Michael Janda writing at The Drum on the ABC site looks at the US economy: Stimulated but unemployed in the USA

According to figures compiled by Morgan Stanley’s global strategist Gerard Minack in one of his notes to clients, US domestic profits increased by $US420 billion in 2009, while income to everyone else in the United States fell by $US377 billion.

He says this was part of the ‘Great Swap’, where the US government stepped in not only to take bad debts off the balance sheets of many US financial institutions, but also provided stimulus payments that propped up household income and consumer demand despite continued falls in employment and working hours.

Business received all of this money, but didn’t invest it in the economy, they hoarded it. The government stimulus kept them alive, and they used the time to reduce their workforce even further, boosting short-term profits while courting a double-dip recession.

Business doesn’t care. They are all about the current quarter and their individual compensation, not the long-term survival of the US economy. Deflation helps their personal bottom line, so why would they care about anything else?

17 comments

1 Kryten42 { 10.15.10 at 8:29 am }

Sadly, yes. Now it looks like the Aussie $ will achieve parity with the US $ (currently, 1 AUD = 0.993435 USD), and may even exceed the US $ shortly.
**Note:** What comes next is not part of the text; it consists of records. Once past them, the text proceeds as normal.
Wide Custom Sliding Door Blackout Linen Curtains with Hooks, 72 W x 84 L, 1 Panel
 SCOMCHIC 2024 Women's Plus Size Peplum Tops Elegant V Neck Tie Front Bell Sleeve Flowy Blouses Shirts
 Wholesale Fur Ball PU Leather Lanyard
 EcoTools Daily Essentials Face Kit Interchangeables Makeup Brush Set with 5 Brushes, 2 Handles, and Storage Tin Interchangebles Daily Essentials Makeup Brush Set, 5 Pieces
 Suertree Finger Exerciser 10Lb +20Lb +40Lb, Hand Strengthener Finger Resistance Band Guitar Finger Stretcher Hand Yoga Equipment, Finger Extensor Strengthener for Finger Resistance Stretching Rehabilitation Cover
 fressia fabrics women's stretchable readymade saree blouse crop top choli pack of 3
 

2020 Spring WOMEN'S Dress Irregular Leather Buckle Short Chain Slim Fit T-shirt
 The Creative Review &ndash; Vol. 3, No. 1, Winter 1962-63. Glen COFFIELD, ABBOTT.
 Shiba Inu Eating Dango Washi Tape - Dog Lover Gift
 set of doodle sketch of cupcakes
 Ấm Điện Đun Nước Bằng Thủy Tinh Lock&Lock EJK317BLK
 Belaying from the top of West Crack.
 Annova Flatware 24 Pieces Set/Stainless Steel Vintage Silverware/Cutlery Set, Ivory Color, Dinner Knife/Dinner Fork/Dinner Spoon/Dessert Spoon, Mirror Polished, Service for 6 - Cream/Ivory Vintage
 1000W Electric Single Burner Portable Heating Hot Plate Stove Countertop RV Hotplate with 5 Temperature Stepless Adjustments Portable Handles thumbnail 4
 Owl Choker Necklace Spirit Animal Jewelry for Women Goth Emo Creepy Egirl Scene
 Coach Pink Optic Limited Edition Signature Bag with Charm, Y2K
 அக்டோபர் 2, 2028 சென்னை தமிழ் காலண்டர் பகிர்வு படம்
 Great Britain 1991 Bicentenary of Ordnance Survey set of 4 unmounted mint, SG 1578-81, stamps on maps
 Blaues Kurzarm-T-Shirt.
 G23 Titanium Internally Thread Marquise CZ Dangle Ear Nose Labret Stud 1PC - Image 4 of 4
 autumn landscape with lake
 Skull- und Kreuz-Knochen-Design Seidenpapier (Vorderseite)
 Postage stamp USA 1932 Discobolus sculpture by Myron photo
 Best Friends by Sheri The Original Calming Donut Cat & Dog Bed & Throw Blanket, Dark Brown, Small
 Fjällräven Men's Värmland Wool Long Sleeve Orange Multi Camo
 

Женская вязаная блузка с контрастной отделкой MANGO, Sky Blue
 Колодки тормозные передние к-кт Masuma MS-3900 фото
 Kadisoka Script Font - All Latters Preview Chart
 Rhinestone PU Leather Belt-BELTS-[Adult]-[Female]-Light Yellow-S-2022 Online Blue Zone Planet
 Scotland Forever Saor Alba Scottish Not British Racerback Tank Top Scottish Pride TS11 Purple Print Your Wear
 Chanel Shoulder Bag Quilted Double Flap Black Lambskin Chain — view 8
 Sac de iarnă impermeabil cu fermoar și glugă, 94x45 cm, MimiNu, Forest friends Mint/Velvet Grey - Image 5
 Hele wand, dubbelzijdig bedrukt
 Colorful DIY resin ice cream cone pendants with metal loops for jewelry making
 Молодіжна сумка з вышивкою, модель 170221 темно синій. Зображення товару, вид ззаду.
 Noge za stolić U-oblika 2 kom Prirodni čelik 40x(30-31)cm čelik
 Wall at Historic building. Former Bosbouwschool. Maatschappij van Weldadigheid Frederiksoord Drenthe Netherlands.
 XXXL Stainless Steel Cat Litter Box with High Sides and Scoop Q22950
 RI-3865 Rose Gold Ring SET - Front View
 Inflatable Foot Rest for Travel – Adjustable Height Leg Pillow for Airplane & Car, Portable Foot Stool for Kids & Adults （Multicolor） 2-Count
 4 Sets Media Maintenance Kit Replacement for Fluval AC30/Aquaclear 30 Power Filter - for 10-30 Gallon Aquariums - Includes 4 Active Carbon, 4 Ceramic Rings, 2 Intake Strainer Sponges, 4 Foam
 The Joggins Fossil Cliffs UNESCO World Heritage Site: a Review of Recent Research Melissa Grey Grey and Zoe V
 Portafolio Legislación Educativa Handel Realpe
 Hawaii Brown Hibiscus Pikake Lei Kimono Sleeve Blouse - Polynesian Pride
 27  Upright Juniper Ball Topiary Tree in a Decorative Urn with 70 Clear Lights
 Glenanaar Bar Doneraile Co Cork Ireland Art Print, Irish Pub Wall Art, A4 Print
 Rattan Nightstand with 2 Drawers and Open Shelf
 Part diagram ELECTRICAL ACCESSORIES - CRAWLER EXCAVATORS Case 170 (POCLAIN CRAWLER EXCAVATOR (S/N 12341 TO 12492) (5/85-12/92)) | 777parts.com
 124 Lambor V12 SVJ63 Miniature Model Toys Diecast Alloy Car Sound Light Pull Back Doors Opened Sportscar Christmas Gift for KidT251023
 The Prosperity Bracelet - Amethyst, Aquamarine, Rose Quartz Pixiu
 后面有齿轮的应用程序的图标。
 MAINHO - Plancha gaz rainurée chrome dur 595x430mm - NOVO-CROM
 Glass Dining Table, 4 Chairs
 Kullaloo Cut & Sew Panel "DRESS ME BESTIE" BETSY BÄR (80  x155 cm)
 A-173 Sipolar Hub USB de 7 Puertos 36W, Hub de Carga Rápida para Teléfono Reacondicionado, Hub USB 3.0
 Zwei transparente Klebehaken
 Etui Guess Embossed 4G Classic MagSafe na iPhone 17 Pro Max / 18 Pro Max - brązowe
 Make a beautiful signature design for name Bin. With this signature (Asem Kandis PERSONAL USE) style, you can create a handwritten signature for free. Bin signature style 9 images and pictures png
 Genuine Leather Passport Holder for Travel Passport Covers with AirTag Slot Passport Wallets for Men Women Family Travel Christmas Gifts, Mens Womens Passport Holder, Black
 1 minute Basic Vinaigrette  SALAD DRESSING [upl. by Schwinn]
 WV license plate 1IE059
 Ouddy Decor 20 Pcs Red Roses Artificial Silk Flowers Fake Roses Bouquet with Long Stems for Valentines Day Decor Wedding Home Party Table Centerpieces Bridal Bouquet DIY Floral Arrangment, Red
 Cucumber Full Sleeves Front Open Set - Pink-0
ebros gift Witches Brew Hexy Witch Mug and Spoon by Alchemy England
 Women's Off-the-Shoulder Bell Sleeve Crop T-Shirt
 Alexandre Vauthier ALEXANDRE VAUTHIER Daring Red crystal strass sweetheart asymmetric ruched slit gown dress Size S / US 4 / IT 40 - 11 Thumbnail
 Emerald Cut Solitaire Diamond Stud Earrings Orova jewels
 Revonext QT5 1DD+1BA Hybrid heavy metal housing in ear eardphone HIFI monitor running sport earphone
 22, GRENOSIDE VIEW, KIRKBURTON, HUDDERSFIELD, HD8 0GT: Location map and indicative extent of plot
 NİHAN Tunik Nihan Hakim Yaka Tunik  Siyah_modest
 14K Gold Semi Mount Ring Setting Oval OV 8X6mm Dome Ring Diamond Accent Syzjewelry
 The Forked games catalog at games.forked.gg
The Aussie $ has never achieved parity with the US $ since it was freed to float on the currency markets by the Hawke government December of 1983. The good news is… Many Aussies are using their sudden wealth to head to the USA to spend their dollars where they can pick up stuff for peanuts. 🙂 (I think there was a time before it was freed where our $ was below US$0.80, sometime in the 70’s from memory.)

I just did an exercise out of curiosity, where I designed a fairly well-spec’d (no peripherals, case + internal components only) PC and compared prices between the large Aussie PC company where I have a wholesale account, and the US NewEgg online retail prices. To buy here now, even at wholesale, the system would cost me AU$2,137.30, to buy at NewEgg, the exact same system would cost AU$1,315.93! The price difference would more than cover the cost of shipping. 😀 I think I may go US shopping (online) in the new year. I expect the price difference to be even greater then (though, I wouldn’t buy the Case/PSU from the USA. The price difference may not cover the cost of shipping those heavy components). 😉 Curiously, one of the bigger differences was the Motherboard, which we both get from Taiwan (ASUS Crosshair IV Formula). US: $209 vs AU: $335.50 (wholesale)! Methinks the importer here is padding the bill a tad! 😉

From our point of view… it’s not all bad. However, that fact doesn’t actually make me very happy.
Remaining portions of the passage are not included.